-- Opening Marker --
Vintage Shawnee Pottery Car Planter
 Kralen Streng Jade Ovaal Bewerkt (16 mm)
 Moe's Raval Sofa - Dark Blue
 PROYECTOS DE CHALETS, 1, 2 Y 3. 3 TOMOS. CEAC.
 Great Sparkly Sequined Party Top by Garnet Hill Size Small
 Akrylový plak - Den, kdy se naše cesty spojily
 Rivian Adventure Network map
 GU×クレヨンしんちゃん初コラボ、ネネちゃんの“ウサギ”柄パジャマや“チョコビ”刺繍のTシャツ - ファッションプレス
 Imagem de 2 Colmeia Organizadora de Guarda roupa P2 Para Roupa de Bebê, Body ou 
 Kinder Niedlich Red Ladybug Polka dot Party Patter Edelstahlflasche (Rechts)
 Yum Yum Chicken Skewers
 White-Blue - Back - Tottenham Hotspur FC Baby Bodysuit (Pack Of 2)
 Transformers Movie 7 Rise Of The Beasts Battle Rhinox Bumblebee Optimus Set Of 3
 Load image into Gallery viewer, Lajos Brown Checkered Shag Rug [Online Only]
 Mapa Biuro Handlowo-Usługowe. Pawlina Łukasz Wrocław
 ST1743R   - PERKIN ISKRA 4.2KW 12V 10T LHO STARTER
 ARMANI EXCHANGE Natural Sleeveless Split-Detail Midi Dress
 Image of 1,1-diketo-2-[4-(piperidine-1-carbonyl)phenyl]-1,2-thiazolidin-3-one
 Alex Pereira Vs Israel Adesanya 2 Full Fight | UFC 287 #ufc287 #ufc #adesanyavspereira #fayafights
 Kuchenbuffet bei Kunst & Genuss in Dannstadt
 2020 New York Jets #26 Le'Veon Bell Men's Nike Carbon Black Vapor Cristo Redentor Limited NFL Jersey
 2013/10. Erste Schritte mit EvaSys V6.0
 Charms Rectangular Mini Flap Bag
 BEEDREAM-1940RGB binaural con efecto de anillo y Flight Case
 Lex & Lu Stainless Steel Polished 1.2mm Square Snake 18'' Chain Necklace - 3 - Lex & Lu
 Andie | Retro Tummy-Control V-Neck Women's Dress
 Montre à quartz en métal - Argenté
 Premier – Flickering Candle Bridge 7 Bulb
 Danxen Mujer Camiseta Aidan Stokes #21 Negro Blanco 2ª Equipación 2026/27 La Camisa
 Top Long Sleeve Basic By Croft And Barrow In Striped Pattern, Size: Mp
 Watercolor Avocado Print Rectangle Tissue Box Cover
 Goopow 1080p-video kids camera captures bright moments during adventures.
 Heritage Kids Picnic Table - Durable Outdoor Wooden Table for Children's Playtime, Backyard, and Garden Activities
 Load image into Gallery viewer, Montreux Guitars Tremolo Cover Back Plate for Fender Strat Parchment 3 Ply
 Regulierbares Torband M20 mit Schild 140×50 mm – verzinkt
-- Closing Marker --
**EXERCISE GOAL**.
Read the listing above, then copy every line that includes the string "viewer".

**YOUR SOLUTION**.
 Load image into Gallery viewer, Lajos Brown Checkered Shag Rug [Online Only]
 Load image into Gallery viewer, Montreux Guitars Tremolo Cover Back Plate for Fender Strat Parchment 3 Ply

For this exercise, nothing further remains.